- Directed by: Chad Archibald Matt Wiele
- Written by: Tony Burgess
- Starring: Julian Richings, Lisa Houle, Adam Seybold
- Cinematography: Cody Calahan Devin Lund
- Edited by: Chad Archibald Matt Wiele
- Music by: Steph Copeland
- Production company: Foresight Features
- Distributed by: Anchor Bay Canada
- Release date: August 3, 2014 (Fantasia Festival);
- Running time: 87 minutes
- Country: Canada
- Language: English

= Ejecta (film) =

Ejecta is a 2014 Canadian science fiction horror film directed by Chad Archibald and Matt Wiele. The film's script was written by Tony Burgess and stars Julian Richings as a man that has experienced an extraterrestrial encounter. Ejecta had its world premiere on August 3, 2014 at Fantasia Festival and Canadian film rights were purchased by Anchor Bay Canada.

==Synopsis==
Filmmaker Joe Sullivan becomes excited when he receives an email from famously reclusive alien abductee William Cassidy. Believing that Cassidy wishes to grant him an exclusive interview, Sullivan travels to the address given. Along the way, he sees military vehicles, including tanks. When Sullivan arrives, Cassidy is uncooperative. Cassidy claims to have never heard of Sullivan and to have never sent an email, though he eventually relents to an interview. After briefly attempting to describe the psychological torture he suffered from his abduction, Cassidy explains that an upcoming solar flare, and the resulting coronal mass ejection, will disrupt all electronic devices on Earth.

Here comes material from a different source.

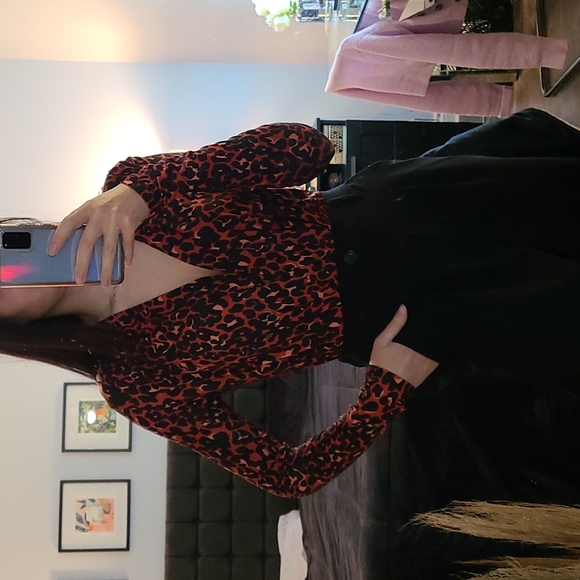 Zara Red and black Cheetah print body suit - Picture 2 of 7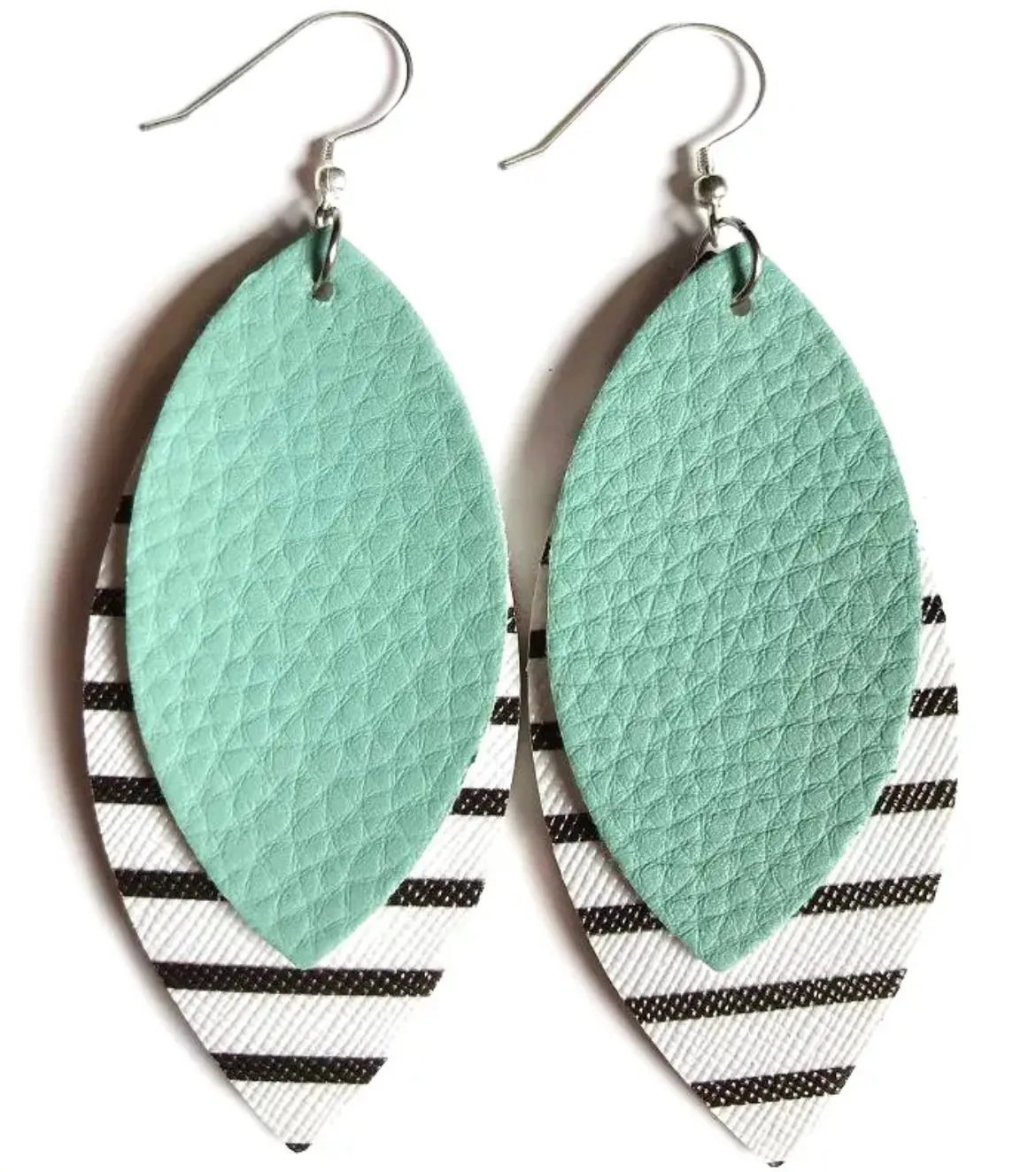 Two Layered Colorful Striped Leather Earrings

Some time later, soldiers raid the house and wound Cassidy as they take him into custody. Cassidy wakes in a military bunker. After soldiers rough up Cassidy, Dr. Tobin enters and interrogates him. When he refuses to answer her questions, she orders the soldiers to hit him. Soldiers retrieve Sullivan's footage, and Tobin watches it while she waits for soldiers to retrieve alien torture devices. In the footage, Sullivan and Cassidy further discuss Cassidy's abduction, and Cassidy explains how he has woken up in various distant places after blackouts, including floating on top of water and apparently having dissected a horse. When Sullivan's footage shows a UFO crash land, Tobin orders the soldiers to investigate.

The first alien torture device reveals memories from victims, though it destroys their consciousness. The device fails to affect Cassidy, and the feedback kills Tobin's assistant, Heather. Impressed, Tobin tells Cassidy that he is the first person to survive the device intact. As soldiers retrieve a second device, Cassidy and Tobin watch more of Sullivan's footage. In it, an alien chases Sullivan and Cassidy back to Cassidy's house, where they barricade themselves in the attic. After arming themselves with a shotgun, they shoot and kill the alien. Over Sullivan's protestations, Cassidy dissects the alien and finds it contains the same kind of mind-control implant used on himself.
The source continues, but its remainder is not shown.